/simple-seurat

Simplifying Seurat data processing, clustering, and analysis

Primary LanguageRMIT LicenseMIT

simple-seurat

Simplifying Seurat data processing, clustering, and analysis. This setup assumes that your data has already been cleaned. If not, you can refer to the Seurat Guided Clustering Tutorial for advice on data cleaning. As in the Seurat tutorial, this function utilizes the Seurat, dplyr, and patchwork libraries.

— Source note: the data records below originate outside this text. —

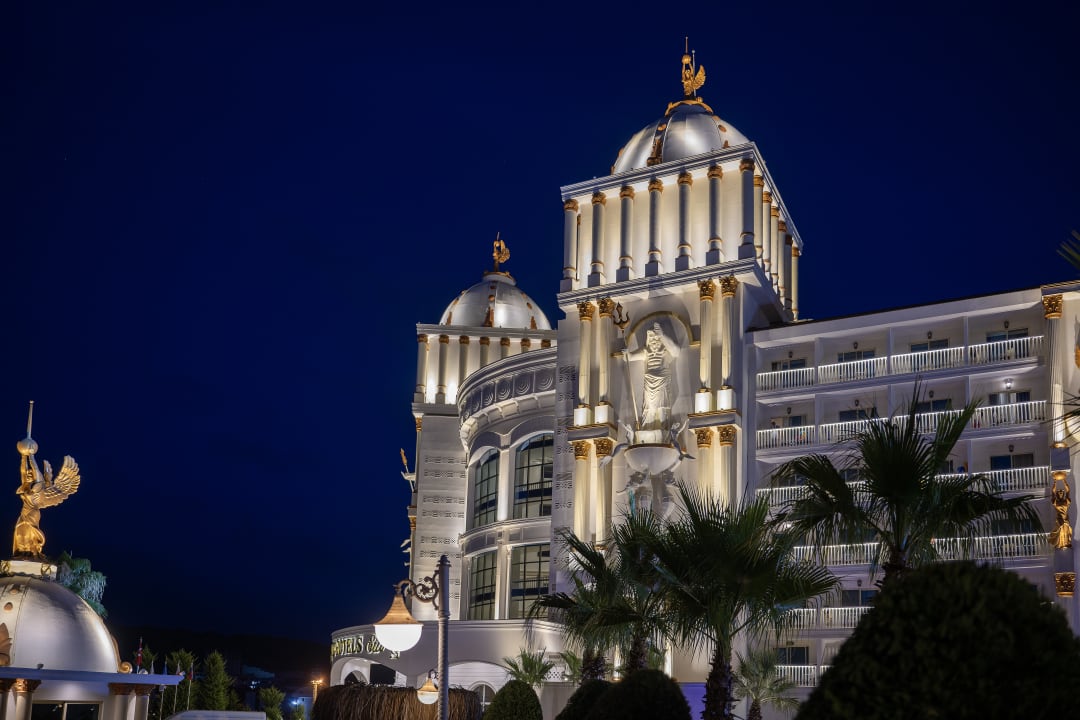 Außenansicht Oz Hotels Sui Resort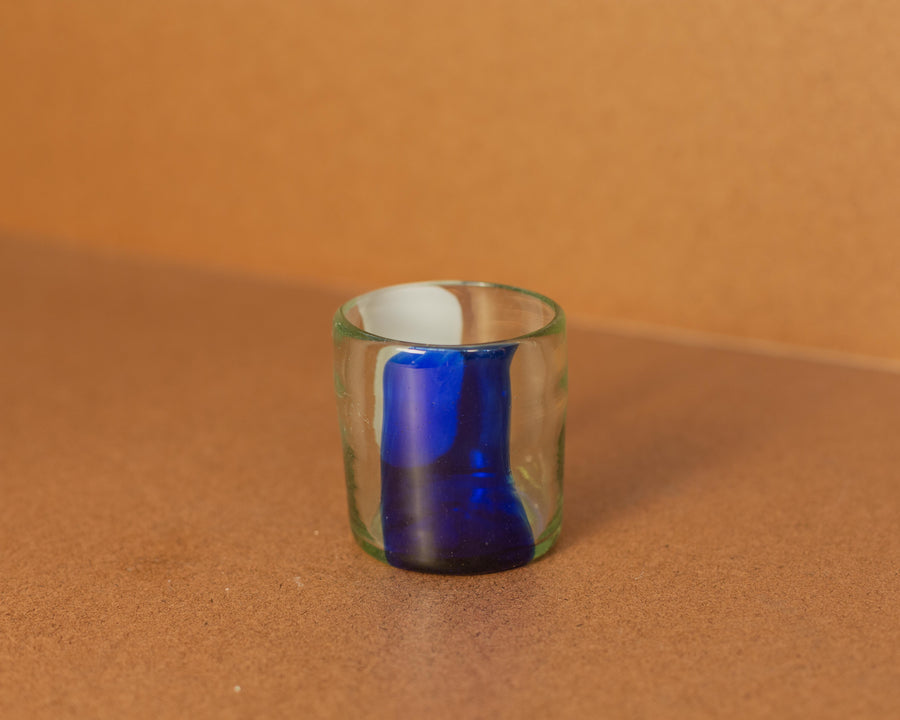 Luz Collection - Azul Glass Tumbler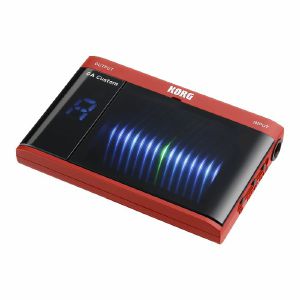 Korg GA Custom Chromatic Tuner (red)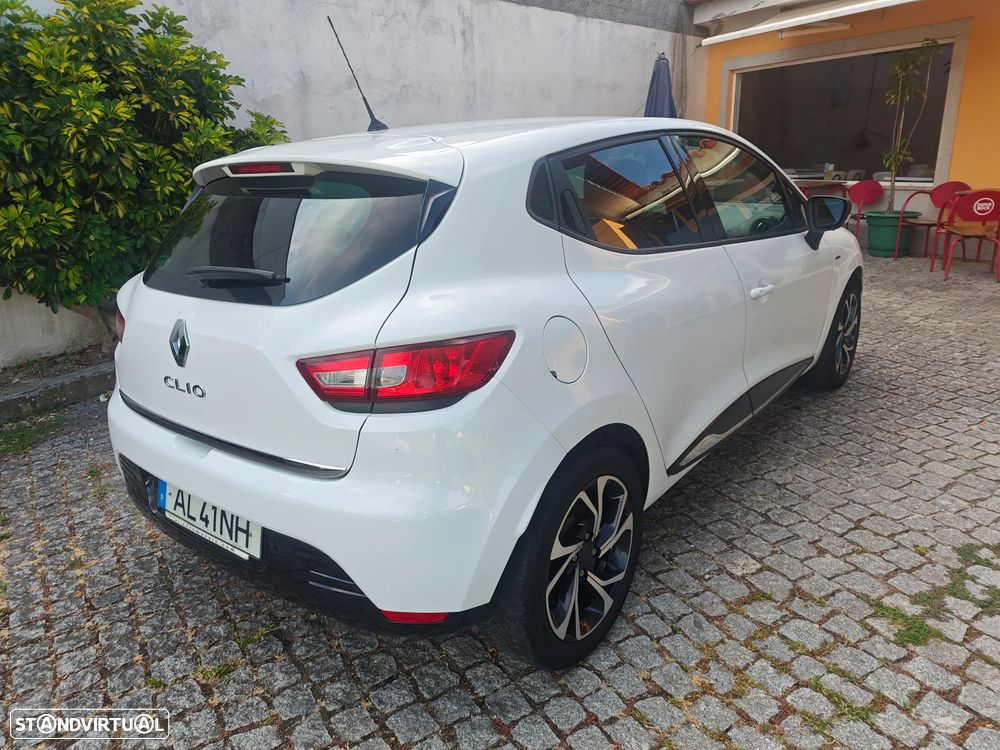 Renault Clio 1.2 16V 75 LIMITED - 2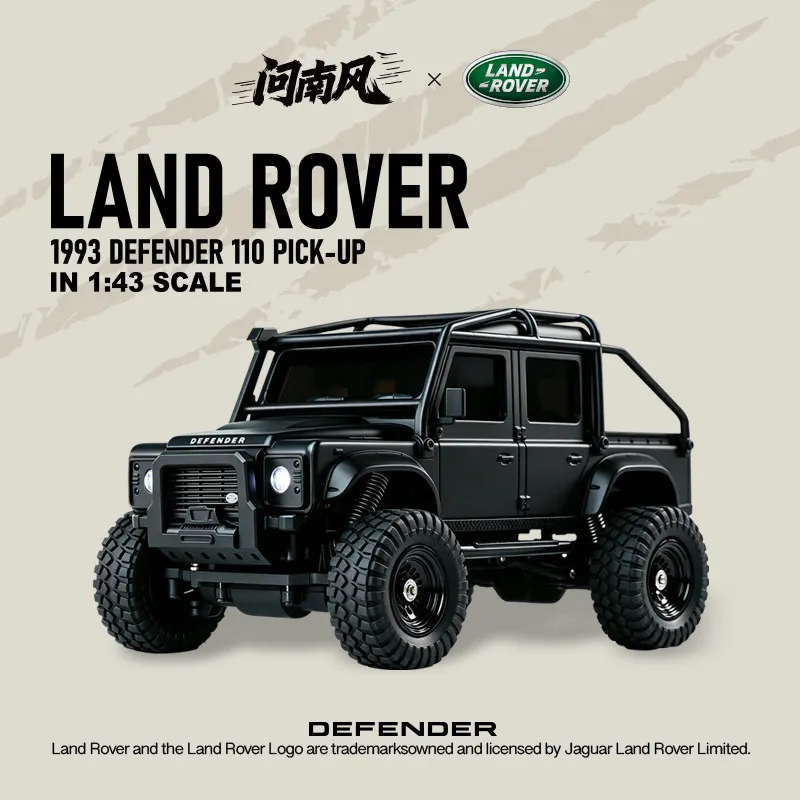 Ask Nanfeng for Authorized 1:43 Land Rover 110 Full Scale RC Remote Control Climbing Car Boy Gift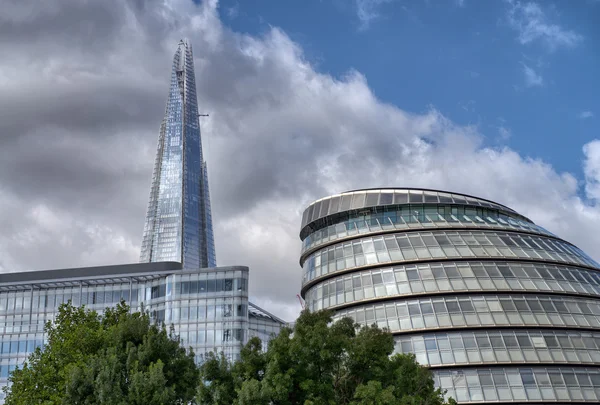 London city hall, högkvarter för borgmästare & kommunfullmäktige — Stockfoto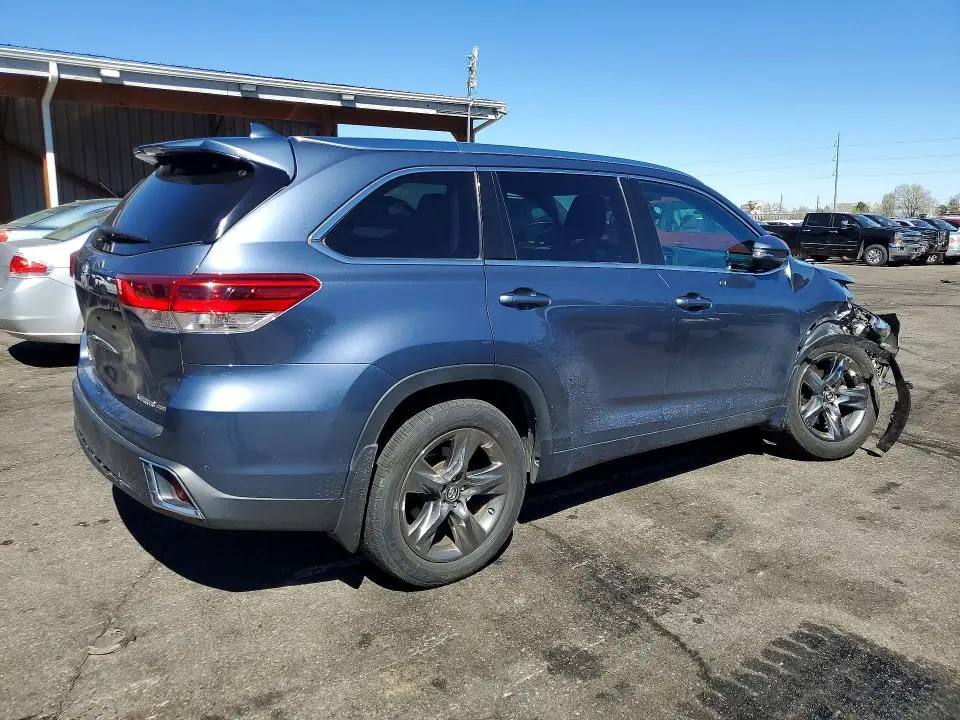 2018 TOYOTA HIGHLANDER LIMITED PLATINUM  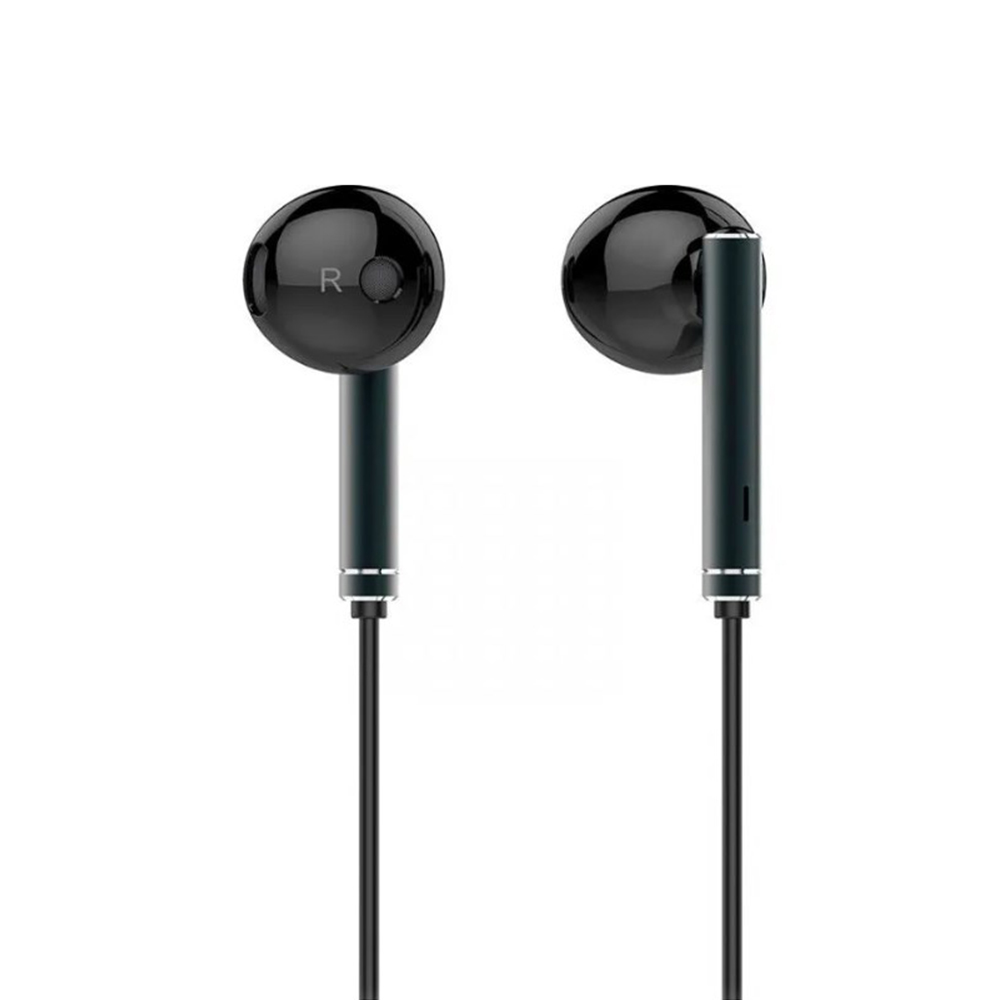 HUAWEI AM116 Zestaw s�uchawkowy przewodowy 3,5 mm czarny / 4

The Cluster() function collects and runs the Seurat functions necessary to process the data, identify an ideal number of dimensions, cluster the data, and plot the clustering. Choice of dimensions is done using PCA analysis, normalizing the Percent Variance Explained around zero and then taking all positive amounts. In my experience, this identifies a strong 'elbow' in the PCA plot, but may be underinclusive, depending on the data and your goal. The data object is the only required argument at this time. The dims argument allows the user to choose the number of dimensions. The strength argument allows the user to tell the algorithm to select a greater or lesser share of dimensions automatically. The labels function, currently defaulted to TRUE, turns labelling by top marker off and on. The functions involved in the autolabelling are the more intense in the Cluster() function, so if processing speed is important, this argument should be set to FALSE.

The Subcluster() function is meant for Seurat objects which have already been clustered, either by the cluster function above or manually. It takes as its argument data object, the numerical cluster identifier(s), and the number of dimensions. If the Cluster function was already run, the Subcluster function defaults to the number of dimensions identified by the Cluster function's PCA analysis. If the Cluster function has not been run, the number of dimensions will need to be manually supplied. Subclustering can be run on a single cluster or on a vector of clusters. The dimensional analysis can be massaged to keep the subcluster a similar shape to the original superclusters. This function can be utilized either for deeper analysis within clusters or as a clustering quality analysis tool.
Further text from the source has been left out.